Mas não é um jeito bom de fazer teatro? Ele era capaz de fazer isso, criar algo e ceder para outros montarem. Era uma obra muito viva ao momento histórico e às pequenas conjunturas. Como no CPC da UNE, onde acontecia um episódio de manhã e, de tarde, eles estavam com cenas teatrais na rua, com grande margem para o improviso.
Nestes dias, em que muita coisa pode ser decidida no Brasil, qual a contribuição que nós, da comunicação e da cultura, temos a dar para a luta política no Brasil?
Em primeiro lugar, nós estamos sofrendo com essa sociedade. Tem gente sem emprego nas artes, tem gente que caiu em depressão. Nós estamos sentindo essas dificuldades. Então, temos que encontrar dentro de nós os motivos para viver. Isso não é um mero detalhe. A gente, quando é militante, acha que tem que sempre estar pronto pra guerra, mas também temos que estar prontos pra ser feliz. A gente tem que estar vivo, defender o nosso prazer, a nossa alegria, a nossa capacidade de viver coisas boas. Aí, a gente consegue fazer esse discurso com facilidade para todo lado, como cidadão, como artista, nos posicionando a todo momento.
Eu gostaria que declarássemos o nosso voto, mas com consistência. Não gosto que a gente apele para linguagens fáceis de redes sociais, do marketing, para recadinhos rápidos. Queremos que Lula vença por algum motivo. Eu também penso em construir em ambientes políticos de discussão desde a eleição. O buraco é mais embaixo: estamos lutando contra uma direita organizada e mobilizadora.

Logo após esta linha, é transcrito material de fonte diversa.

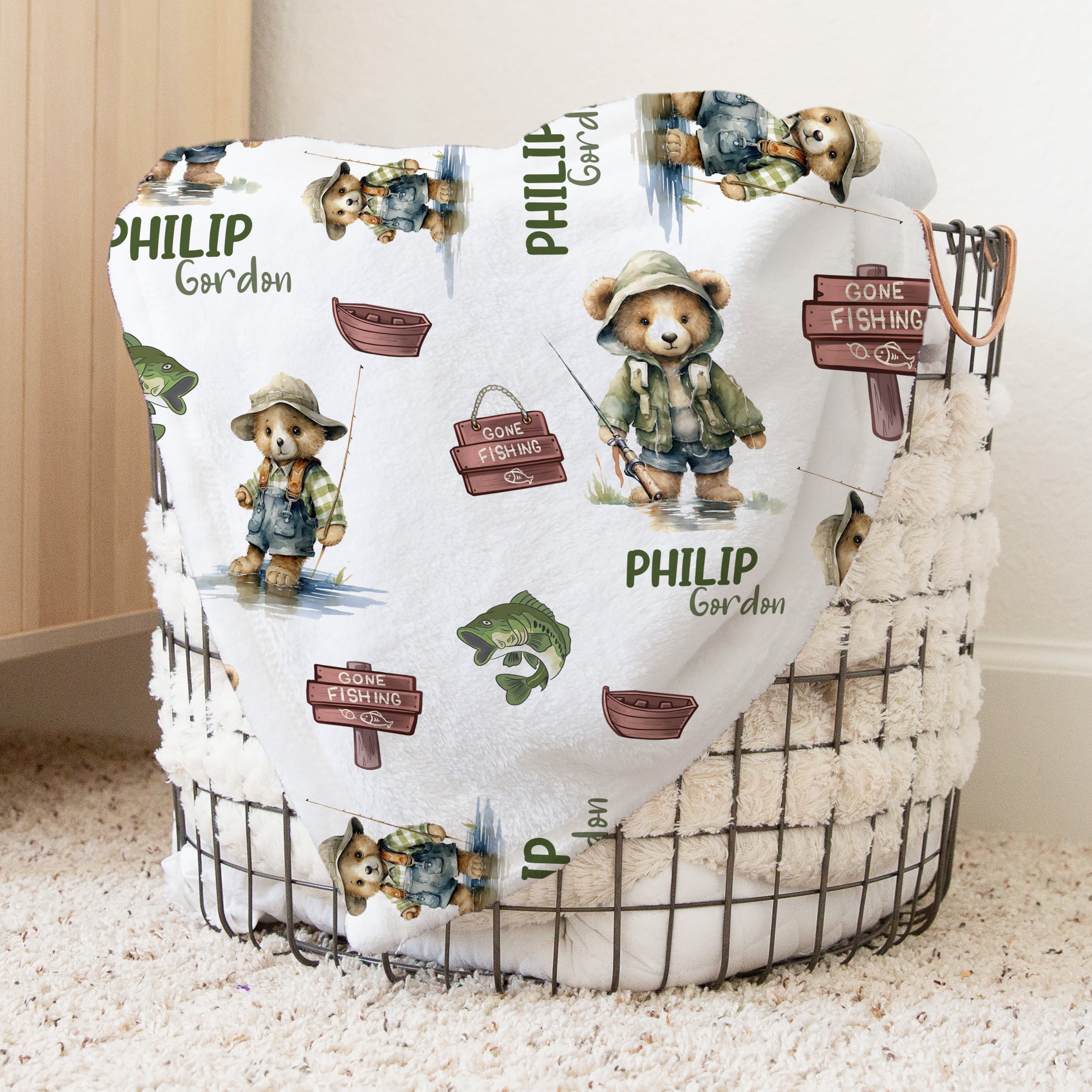 Bear Fishing Personalized Minky Blanket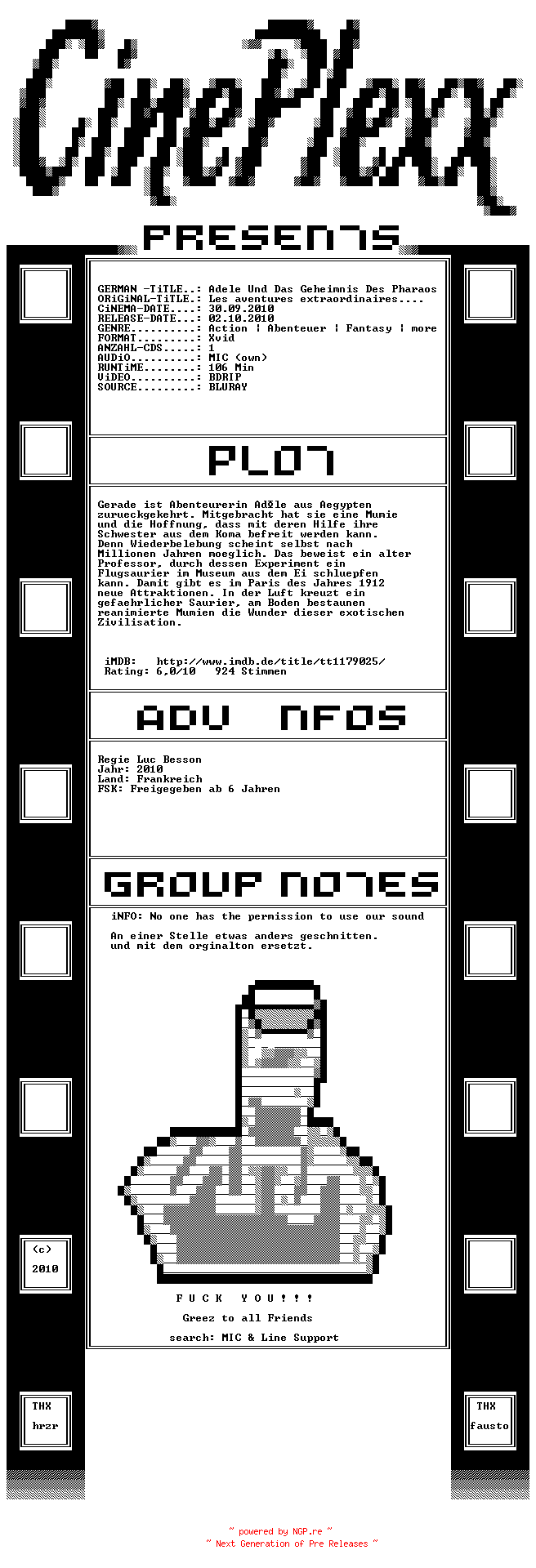 NFO for the release Adele.und.das.Geheimnis.des.Pharaos.BDRiP.MD.German.REPACK.XviD-CinePlexx by CinePlexx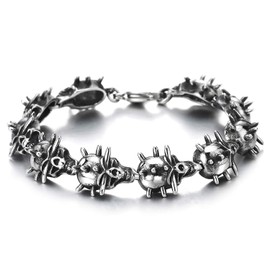 COOLSTEELANDBEYOND Vintage Spikes Skull Bracelet for Man Women, Stainless Steel Link Bracelet, Gothic Punk Rock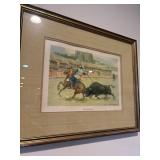 Rejon De Muerte bullfight scene 20x17 vintage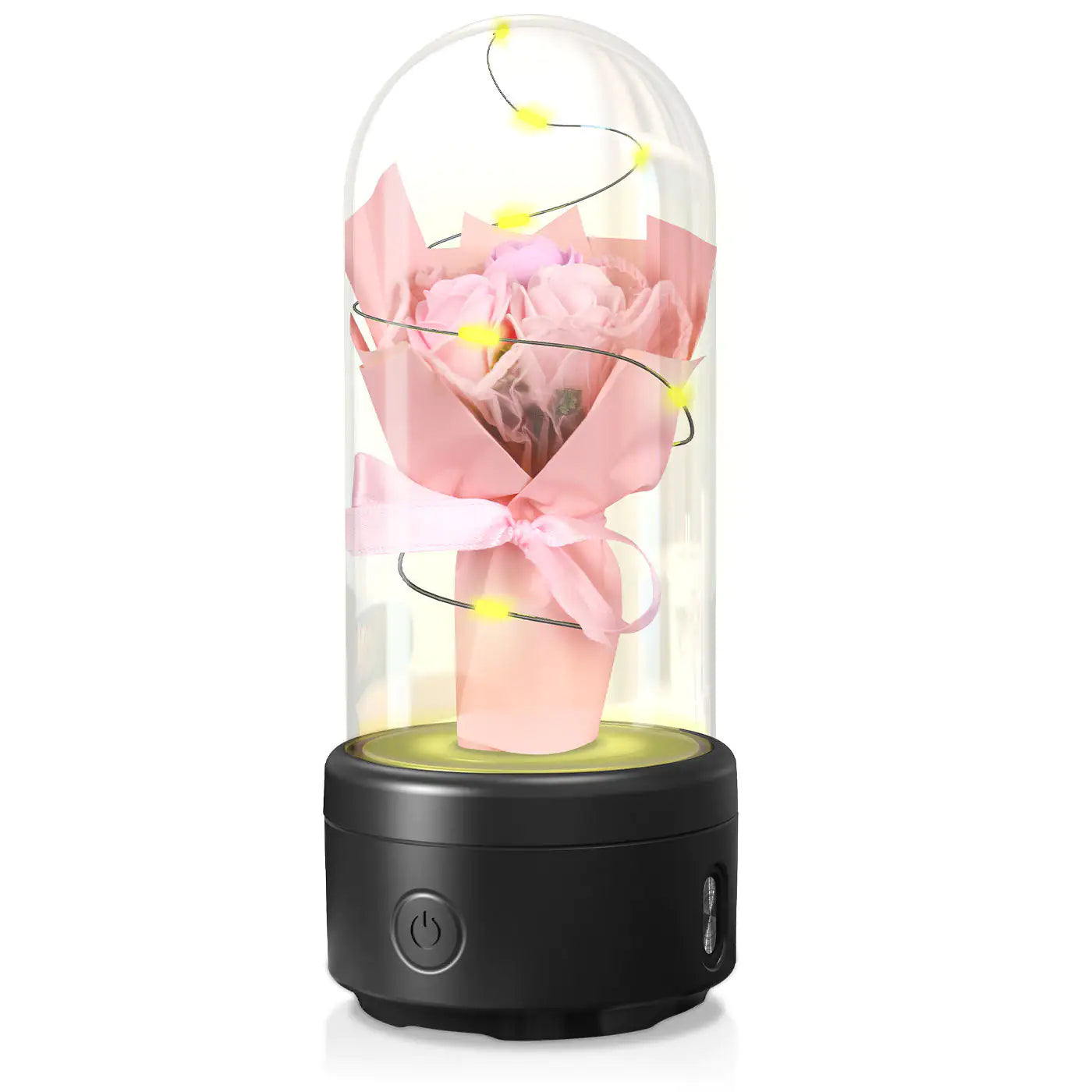 Creative 2 In 1 Bouquet LED Light And Bluetooth-compatible Speaker Mother's Day Gift Rose Luminous Night Light Ornament In Glass Cover Pi-Mart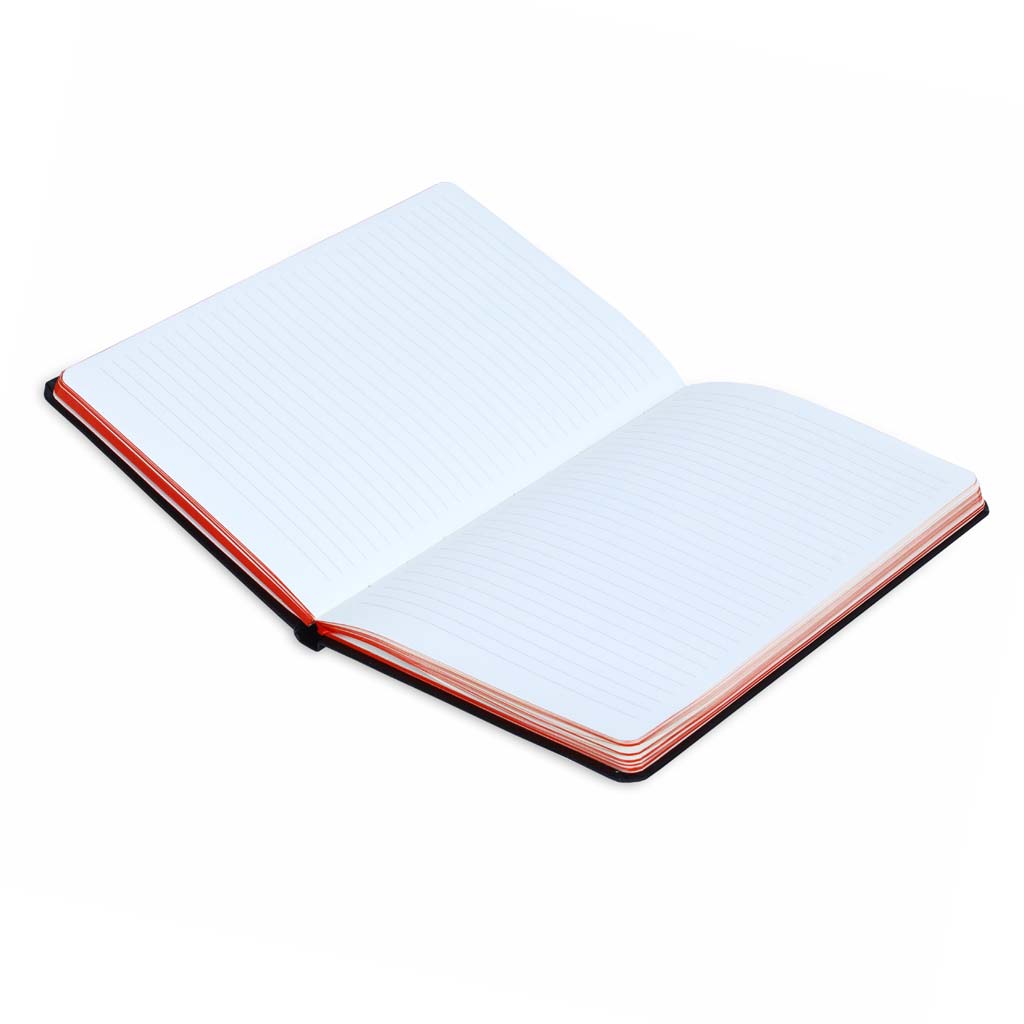 A5 Hardcover Ruled Notebook Black - Orange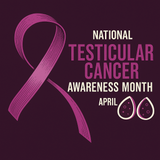 Words and a purple ribbon signifying – Testicular Awareness Month, April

E só vamos conter o avanço dessa direita com consciência política.
Eu acredito numa mudança histórica de parâmetros culturais, em que as pessoas vão desejar ser protagonistas de suas próprias vidas da mesma maneira que precisam viver. Isso está em curso.
Acho que devemos defender a eleição do Lula em primeiro turno, mas sempre respaldados a comportamentos que levem à reflexão política, e não só o “vou votar nele”. Existem exemplos de apoios que estão sendo declarados em linguagem publicitária e violenta.
Para além das eleições, com o Lula ganhando, vamos ter que ser astutos e continuar afirmando coisas básicas, como a necessidade da organização popular. E ela não está na boca de nenhum candidato. Então, vamos ter que nos empenhar para apostar nos movimentos.